**Dataset entries**
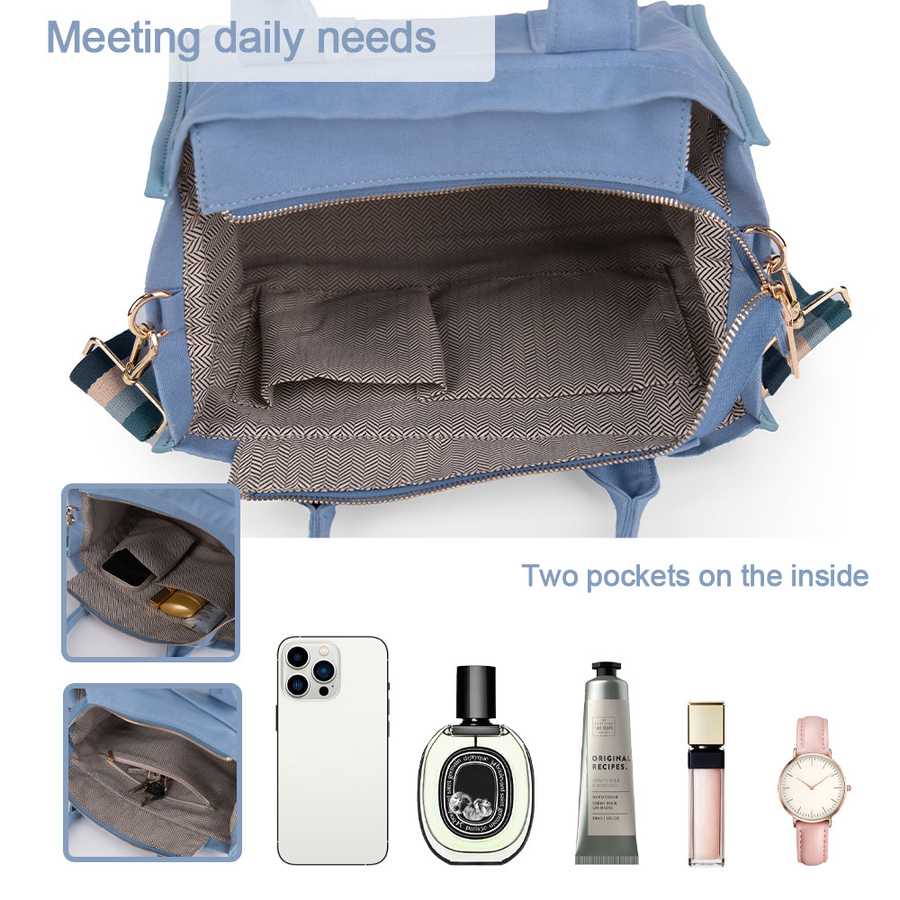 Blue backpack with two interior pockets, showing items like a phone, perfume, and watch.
...
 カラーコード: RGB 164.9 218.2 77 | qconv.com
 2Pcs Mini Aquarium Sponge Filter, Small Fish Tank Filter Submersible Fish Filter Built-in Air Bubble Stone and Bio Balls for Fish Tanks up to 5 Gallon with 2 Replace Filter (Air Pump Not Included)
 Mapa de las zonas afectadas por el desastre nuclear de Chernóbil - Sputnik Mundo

**Problem to solve**
The required output is the stretch of entries above from the line containing "2Pcs Mini Aquarium" through the line containing "Mapa de las", reproduced exactly.

**Response area**
 2Pcs Mini Aquarium Sponge Filter, Small Fish Tank Filter Submersible Fish Filter Built-in Air Bubble Stone and Bio Balls for Fish Tanks up to 5 Gallon with 2 Replace Filter (Air Pump Not Included)
 Mapa de las zonas afectadas por el desastre nuclear de Chernóbil - Sputnik Mundo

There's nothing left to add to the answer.